Las monjas despues de denunciar el robo han pasado, lógicamente, a ser investigadas por la policia, aunque dudamos que las consecuencias sean demasiado importantes. Al fin y al cabo, las monjas lo unico que han hecho es no declarar a hacienda sus millones, algo que sucede en general con los ingresos de la iglesia católica, especialmente los procedentes del famoso cepillo, propinillas y otro tipo de estafas a los fieles.
Sin embargo, el comportamiento de las monjas nadie puede defender que sea ejemplar, ni siquiera el Papa (que defiende y protege hasta a sus colegas de negocio los asaltacunas), aunque a algunos les baste con que para pagar su pecadillo recen cien avemarias. En primer lugar, el voto de pobreza se lo han pasado las inocentes monjitas por donde solo dios sabe, y ademas de pastitas y dulces alguna de las integrantes de la comunidad vendia cuadros por precios bastante altos (pues la inspiracion divina cuesta cara). Pero bueno, la desverguenza de los funcionarios de ambos sexos de la iglesia es de sobra conocida, pero el caso es que las supuestas pobres monjitas han denunciado a la policia su propia evasión de impuestos.

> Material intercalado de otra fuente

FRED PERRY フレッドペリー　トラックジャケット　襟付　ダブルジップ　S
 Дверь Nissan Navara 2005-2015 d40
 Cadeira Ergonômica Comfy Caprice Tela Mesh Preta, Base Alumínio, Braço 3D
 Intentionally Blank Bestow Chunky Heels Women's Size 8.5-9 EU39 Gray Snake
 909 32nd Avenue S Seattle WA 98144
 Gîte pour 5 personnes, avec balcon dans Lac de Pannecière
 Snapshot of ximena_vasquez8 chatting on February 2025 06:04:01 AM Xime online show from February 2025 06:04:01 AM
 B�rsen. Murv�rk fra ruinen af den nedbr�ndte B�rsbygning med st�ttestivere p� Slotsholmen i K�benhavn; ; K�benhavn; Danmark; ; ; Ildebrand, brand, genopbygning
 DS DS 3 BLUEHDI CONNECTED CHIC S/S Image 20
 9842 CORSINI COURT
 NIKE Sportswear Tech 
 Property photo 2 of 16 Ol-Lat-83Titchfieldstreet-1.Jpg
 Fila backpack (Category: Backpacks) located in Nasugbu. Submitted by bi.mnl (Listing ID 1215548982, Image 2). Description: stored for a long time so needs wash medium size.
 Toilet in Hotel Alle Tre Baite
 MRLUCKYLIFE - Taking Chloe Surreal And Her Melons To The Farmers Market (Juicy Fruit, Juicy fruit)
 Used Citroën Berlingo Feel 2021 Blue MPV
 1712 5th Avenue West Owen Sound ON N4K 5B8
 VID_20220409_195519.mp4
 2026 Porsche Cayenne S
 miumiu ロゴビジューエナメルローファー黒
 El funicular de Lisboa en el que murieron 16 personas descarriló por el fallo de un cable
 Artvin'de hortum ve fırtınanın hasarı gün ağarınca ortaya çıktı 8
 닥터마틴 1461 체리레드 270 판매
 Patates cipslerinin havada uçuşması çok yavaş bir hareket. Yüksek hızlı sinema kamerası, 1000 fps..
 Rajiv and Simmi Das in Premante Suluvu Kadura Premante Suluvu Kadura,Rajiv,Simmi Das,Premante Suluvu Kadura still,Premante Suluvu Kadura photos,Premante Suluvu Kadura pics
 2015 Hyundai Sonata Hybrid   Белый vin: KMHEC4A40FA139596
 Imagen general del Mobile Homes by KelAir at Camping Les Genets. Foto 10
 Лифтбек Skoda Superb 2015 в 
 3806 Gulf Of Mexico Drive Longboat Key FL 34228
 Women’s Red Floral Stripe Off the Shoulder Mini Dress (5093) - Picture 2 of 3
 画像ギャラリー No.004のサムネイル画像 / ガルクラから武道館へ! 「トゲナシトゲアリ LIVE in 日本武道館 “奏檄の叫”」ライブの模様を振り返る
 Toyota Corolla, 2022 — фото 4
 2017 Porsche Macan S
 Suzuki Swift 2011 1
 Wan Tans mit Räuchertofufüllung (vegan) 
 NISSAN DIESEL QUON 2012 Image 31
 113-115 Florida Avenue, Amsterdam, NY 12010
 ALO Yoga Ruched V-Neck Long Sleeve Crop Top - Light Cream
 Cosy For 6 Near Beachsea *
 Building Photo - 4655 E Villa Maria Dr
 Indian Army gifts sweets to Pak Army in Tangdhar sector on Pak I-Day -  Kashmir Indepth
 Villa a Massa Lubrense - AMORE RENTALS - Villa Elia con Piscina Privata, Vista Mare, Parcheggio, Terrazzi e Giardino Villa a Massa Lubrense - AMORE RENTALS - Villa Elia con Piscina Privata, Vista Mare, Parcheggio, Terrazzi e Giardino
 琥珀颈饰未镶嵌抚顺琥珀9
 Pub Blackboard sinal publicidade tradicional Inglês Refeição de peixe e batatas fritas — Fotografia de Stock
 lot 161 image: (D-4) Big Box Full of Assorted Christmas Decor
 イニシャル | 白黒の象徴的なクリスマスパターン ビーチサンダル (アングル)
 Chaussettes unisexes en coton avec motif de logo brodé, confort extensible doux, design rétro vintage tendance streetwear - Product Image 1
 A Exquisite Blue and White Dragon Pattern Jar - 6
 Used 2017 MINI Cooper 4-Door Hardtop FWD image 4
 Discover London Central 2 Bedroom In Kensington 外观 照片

El error ha intentado ser enmendado rapidamente, sacando a la luz el celestial despiste de las servidoras de dios: ahora resulta que no eran un millon y medio sino solamente 400.000 ¿Habran amparado su error en que la denuncia se hizo despues de probar el vino de la comunion? Posiblemente tras la próxima misa y otro chupito la cantidad robada descenderá a 10.000, y ya no será en billetes sino en las monedas sueltas que se echan los creyentes en la hucha de la iglesia.

¿De donde procede el dinero? Pues esto es lo de menos, aunque seguramente procederá de los fieles de la congregación, o de los cuadros de la monja-artista, o de las pastitas y dulces celestiales... Pero esto da igual. En el fondo lo importante es que de nuevo se evidencia la poca catadura moral de los miembros de la iglesia, que ademas de mucho rezar y velar por el bienestar espiritual de los españoles, mientras tanto les estafan, y no declaran sus ingresos como deberia hacer todo ciudadano (especialmente los que ademas son moralmente buenos).

Y por otro lado, reitera la poca necesidad, ademas de lo poco que se lo merece, que tiene la Iglesia Católica S.A. de ser financiada con los impuestos de todos, como sucede en la España cristiana (que de laica, nada), mientras sus miembros practican ni cortos ni perezosos la abstinencia fiscal, posiblemente en muchos casos bastante mas que la sexual.

En cuanto a los ladrones, personalmente creo que, en este caso, tiene mas razon que un santo (nunca mejor dicho) el famoso refran que dice que quien roba a un ladron tiene cien años de perdón.